> [YOUR GOAL] What is wanted is every line below from the one with "Mom takes a" up to and including the one with "White bell on", retyped exactly, pictures excluded, nothing else.

> [TASK MATERIAL]
▬▬▬▬▬▬▬▬▬▬

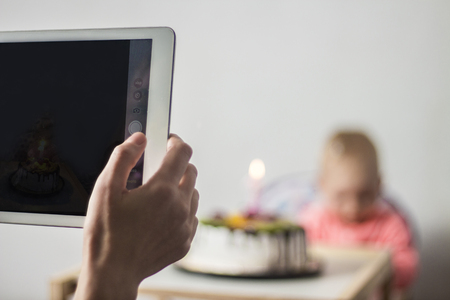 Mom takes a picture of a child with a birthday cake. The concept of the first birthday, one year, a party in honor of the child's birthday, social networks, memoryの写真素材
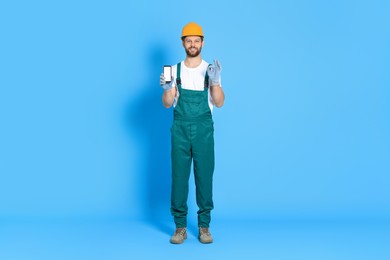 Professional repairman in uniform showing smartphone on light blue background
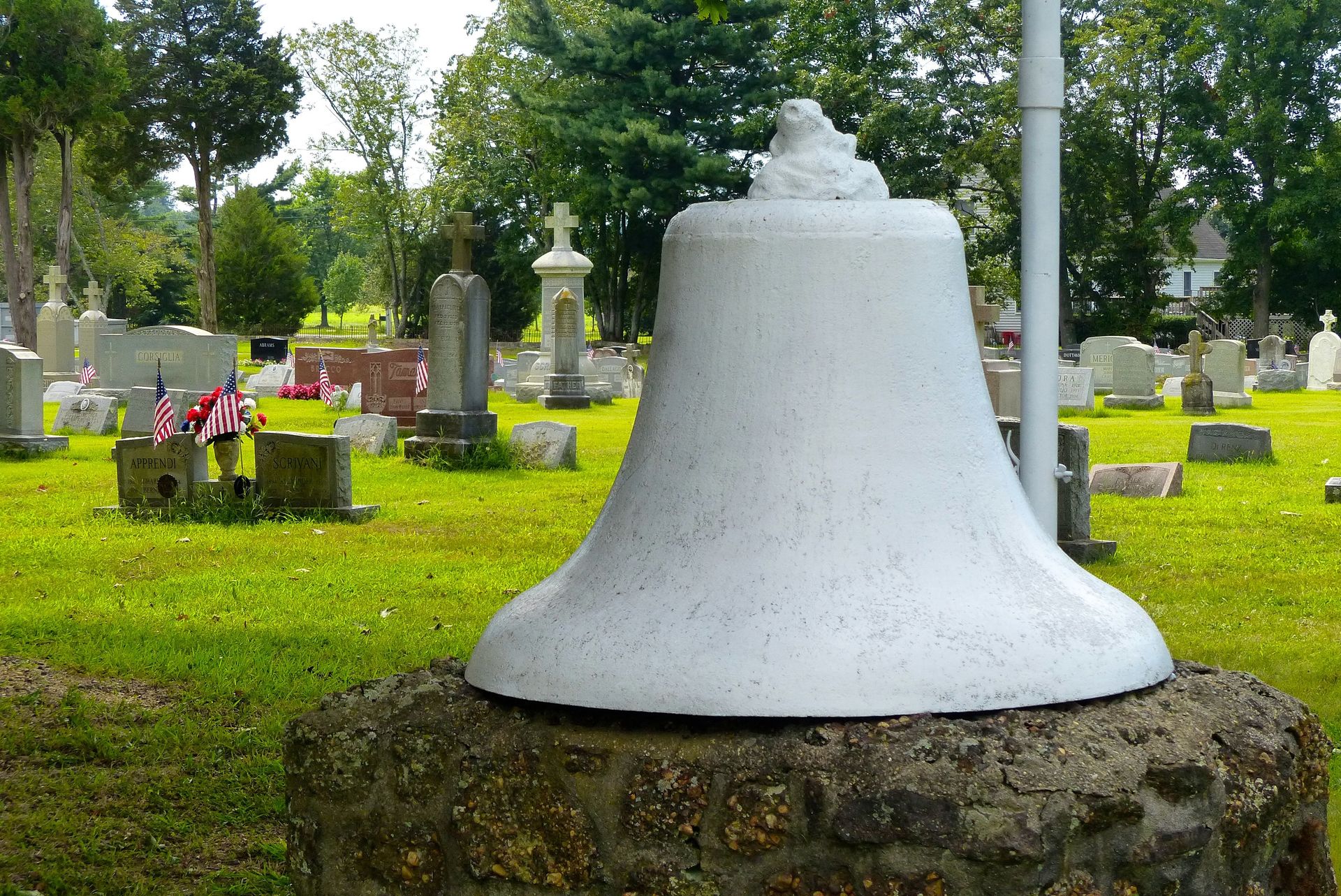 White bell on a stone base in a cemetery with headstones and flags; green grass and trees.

▬▬▬▬▬▬▬▬▬▬

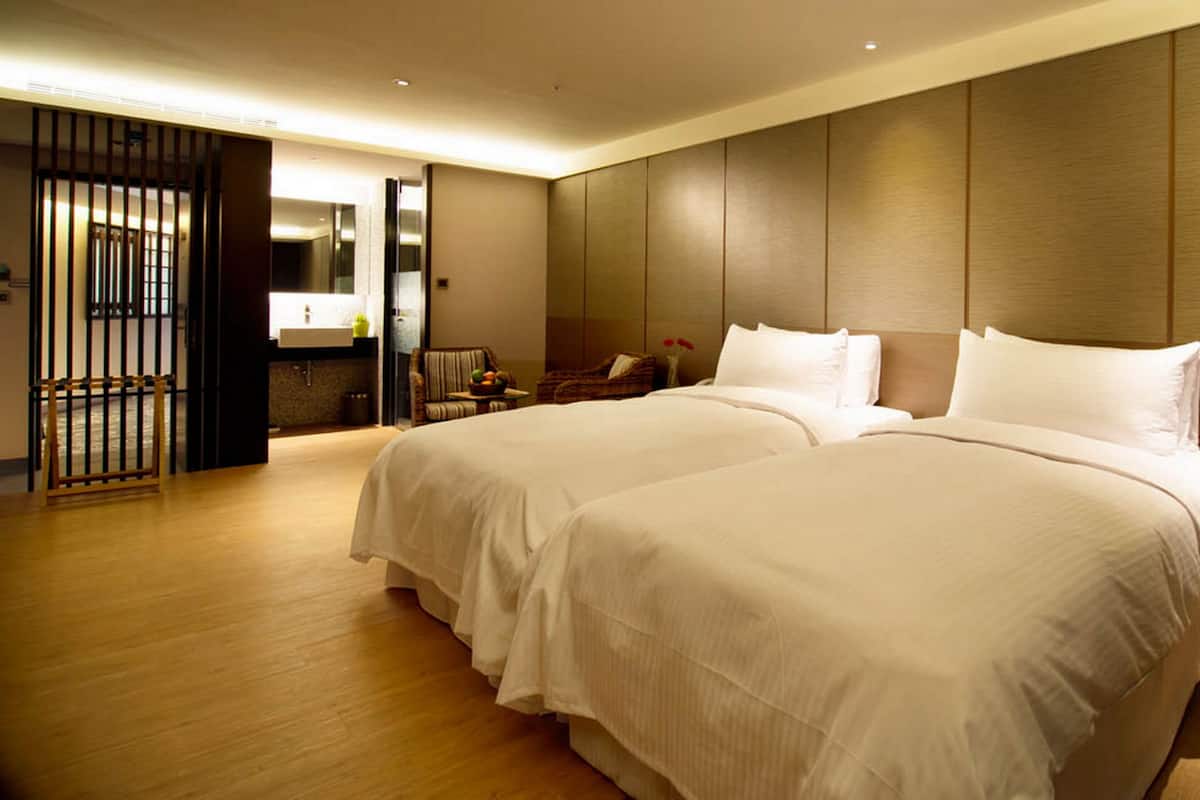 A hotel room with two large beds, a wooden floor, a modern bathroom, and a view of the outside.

▬▬▬▬▬▬▬▬▬▬

> [COMPLETED EXERCISE]
 Mom takes a picture of a child with a birthday cake. The concept of the first birthday, one year, a party in honor of the child's birthday, social networks, memoryの写真素材
 Professional repairman in uniform showing smartphone on light blue background
 White bell on a stone base in a cemetery with headstones and flags; green grass and trees.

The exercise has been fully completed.